This thesis presents network server performance analysis and improvement at the operating system (OS), application, and processor levels. At the kernel level, we develope a profiling tool that provides rich OS transparency at low cost, by exposing system call performance as a first-class result via in-band channels. Using this tool on the Flash Web server running the standard SPECweb99 benchmark reveals a series of negative interactions between the server application and the OS. Some of the solutions to these issues have lead to a set of kernel patches to improve networked file transfer, and others contribute in server application design.
At the application level, we redesign the Flash server and the widely-used Apache server, improving Flash's SPECweb99 score by a factor of four and reducing response time by one to two orders of magnitude on both servers. Using these servers, we then examine server latency under load and trace the root cause of server-induced latency to head-of-line blocking within filesystem-related kernel queues. This behavior, in turn, causes batching and burstiness, and gives rise to a phenomenon we call service inversion, where requests are served unfairly with long responses served ahead of short responses. Removing blocking not only reduces response time under load and improves latency profiles, but also mitigates burstiness and improves request handling fairness. The resulting servers show better latency scalability with processor speed, making them better candidates for future improvements.

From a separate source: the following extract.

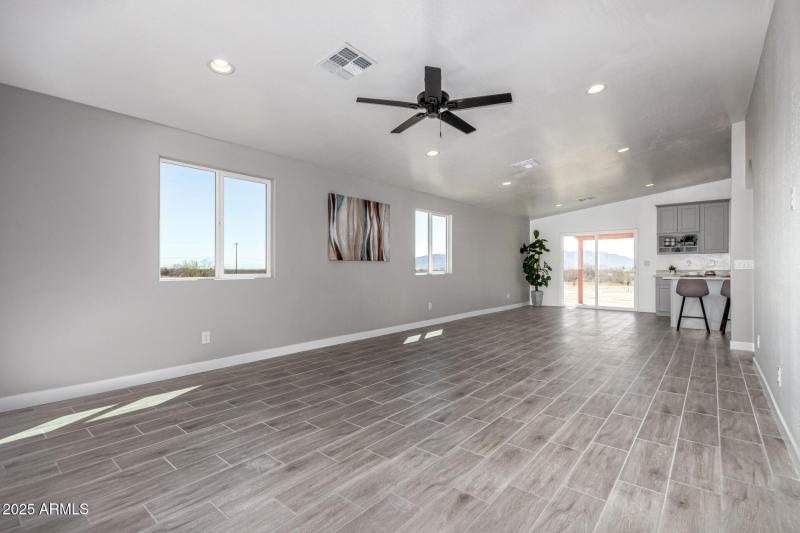 42761 W INDIANOLA AVE, Tonopah, AZ 85354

Finally, we investigate the architectural aspects of server performance, conducting detailed analysis of delivered simultaneous multithreading (SMT) systems. Using five different software packages and three hardware platforms, experimental results show that the benefits of the current SMT implementation on Intel Xeon processors are modest for network servers, and short memory latency or extra L3 cache helps SMT yield better speedups. By performing microarchitectural evaluation using processor performance counters, we also provide insight into the instruction-level resource bottlenecks that affect performance on these platforms. Finally, we compare the measured results with similar studies performed using simulation, and discuss the feasibility of these simulation models, both in the context of current hardware, and with respect to future trends.